The study highlights how a continuing affordability problem has accentuated inequalities with evidence suggesting "it can [make] the children of affluent owners still richer and the poorest even more disadvantaged".
The wealthiest 10% of the population has seen home values rise at more than three times the rate for the poorest 10%; the impact will continue for future generations as vastly differing levels of wealth are inherited by the next generation.
The report also shows that children born to parents who have no or little housing wealth will not benefit from "life start-up" advantages and stand to inherit nothing.
Evidence from studies contained in the report emphasise the important role that parents play in supporting their offspring into home ownership.
This financial assistance may result in the housing market becoming more polarised, with the children of homeowners representing a greater proportion of all new purchasers.

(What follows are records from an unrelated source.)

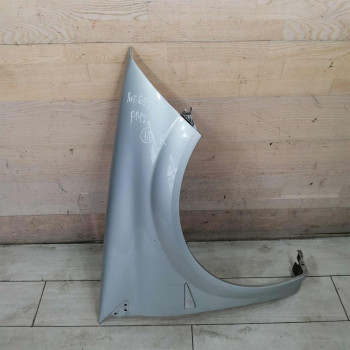 Крыло переднее правое Renault megane 2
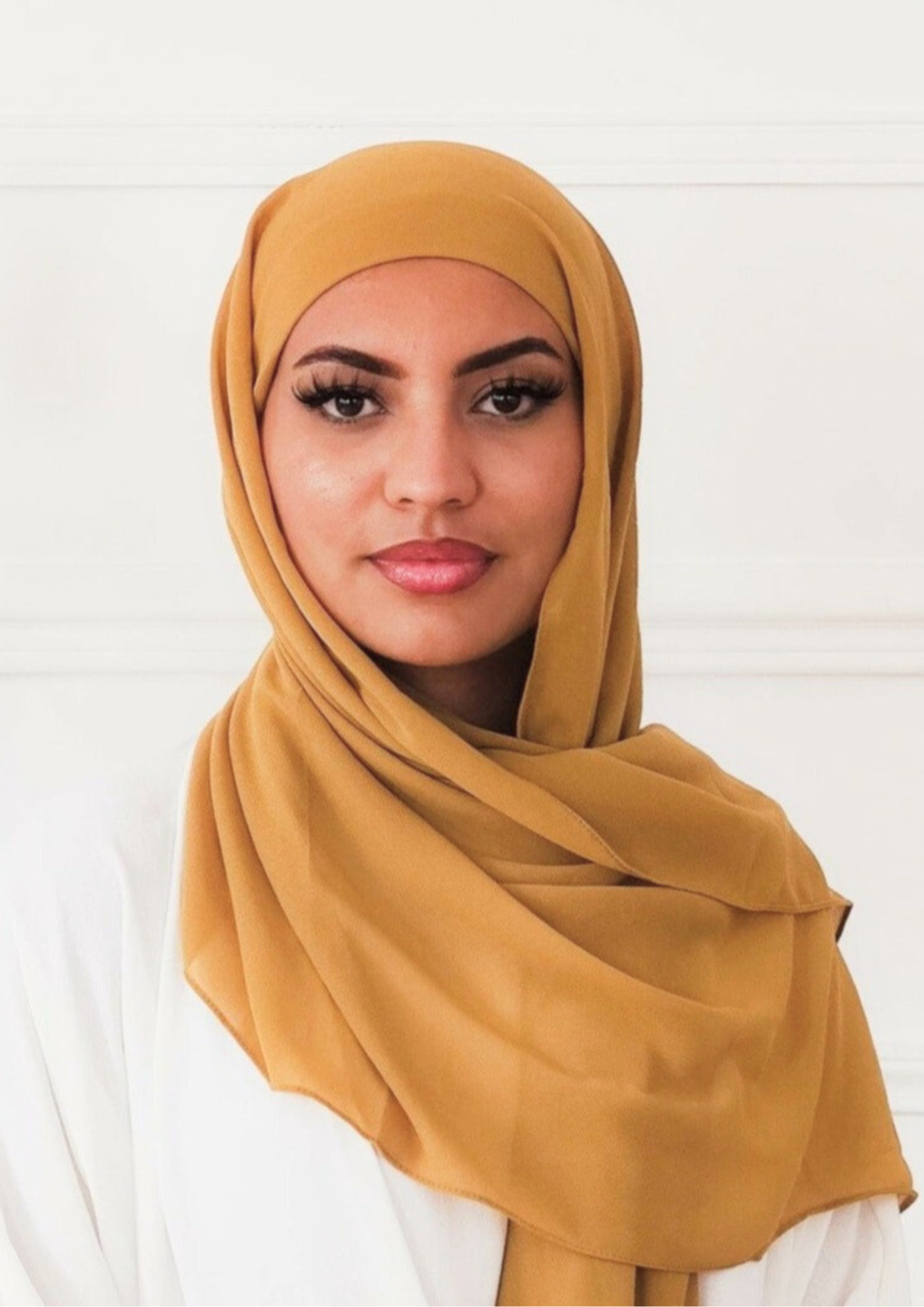 Hijab mousseline avec bonnet à nouer – coupe fluide et matière agréable à porter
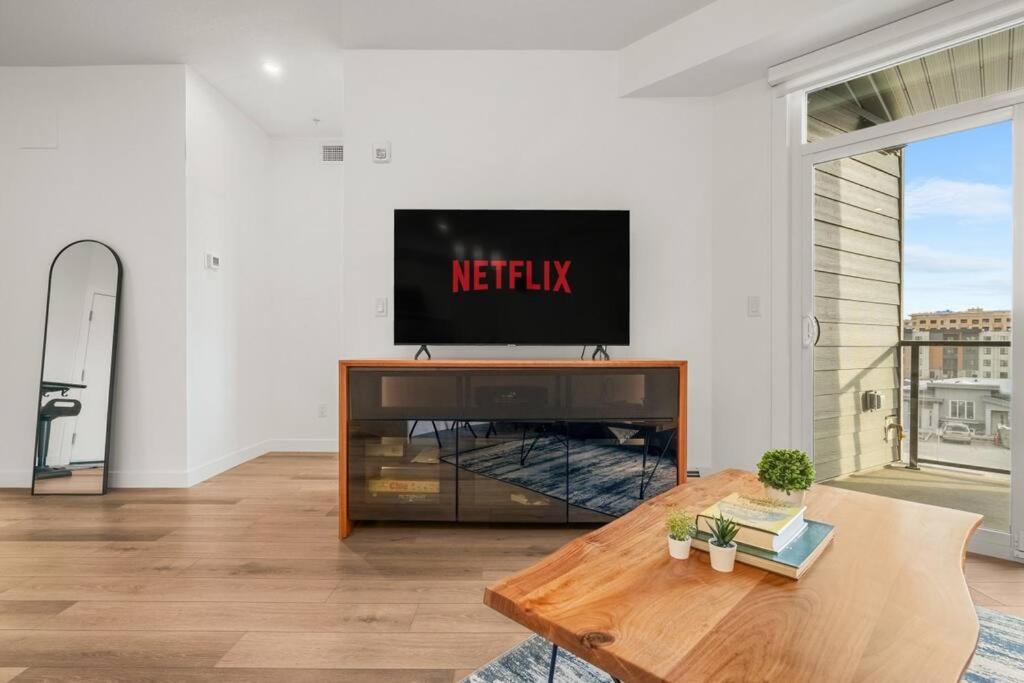 Top Rated Luxury Stay with Free Banff Access, BBQ, Netflix, Patio Dining, Sleeps 4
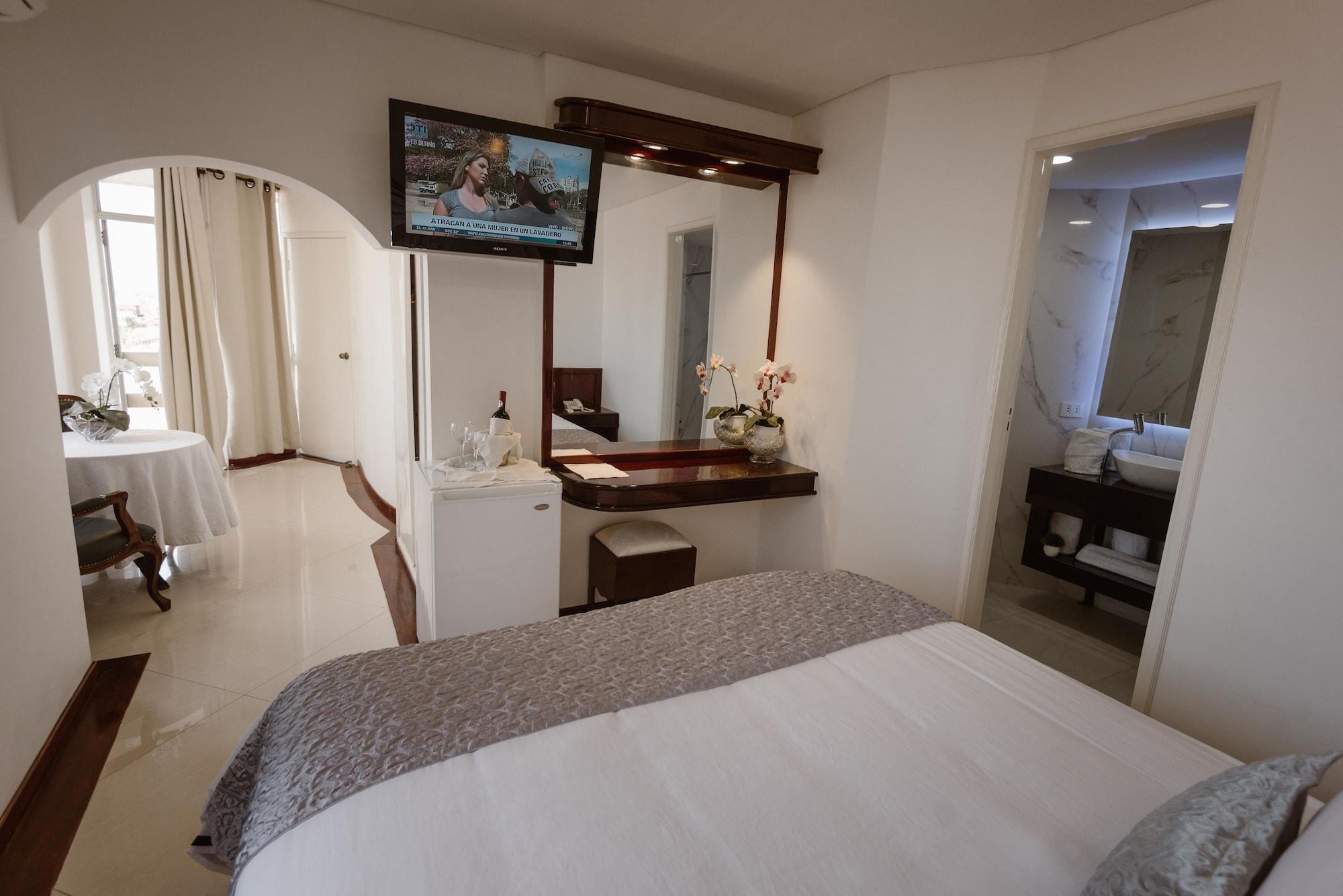 Hotel Arenal Santa Cruz de La Sierra Εξωτερικό φωτογραφία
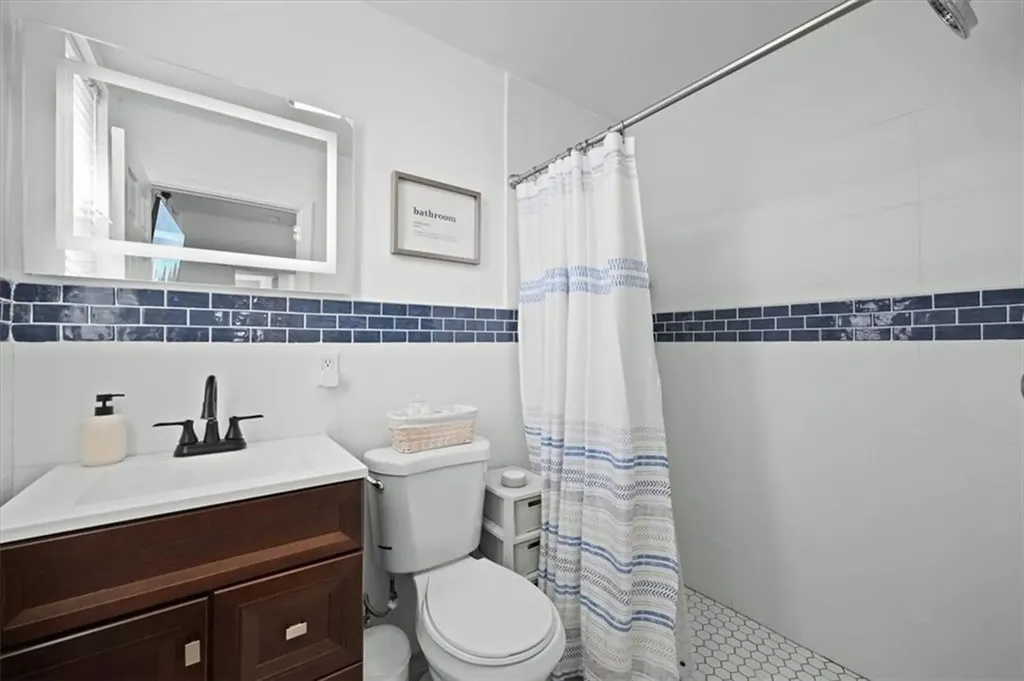 15 Colfax Street Providence RI 02905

In addition to the widening wealth gap, the study also highlights that:
* High prices have by-products of overcrowding and poor physical and mental health for people priced out of the market or those who risk repossession;
* The housing market’s twin characteristics of high prices and long-term undersupply encourage cycles of boom and bust, which contribute to volatile consumer spending patterns and therefore impact on the wider economy;
* High house prices lead to increased labour costs and problems in recruiting and retaining staff, thereby affecting both the efficiency of the private sector and the delivery of public services;
* Potential first-time buyers either do not purchase – perpetuating inequality and disadvantage – or stretch themselves, buy and risk repossession.
"We are in danger of creating a more polarised society," said Neil McDonald, Chief Executive, NHPAU, "if we fail to tackle our country’s housing affordability problem.
"We commissioned this study because, as a Unit, we were keen to understand how a lack of affordability affects people’s lives beyond the financial.
"We must not be fooled into thinking that the current fall in house prices means the problem is solved. Mortgage rationing means that housing is not more affordable in any real sense. And, in the medium to long term, an undersupply of housing means that affordability will simply worsen once the economy starts to revive."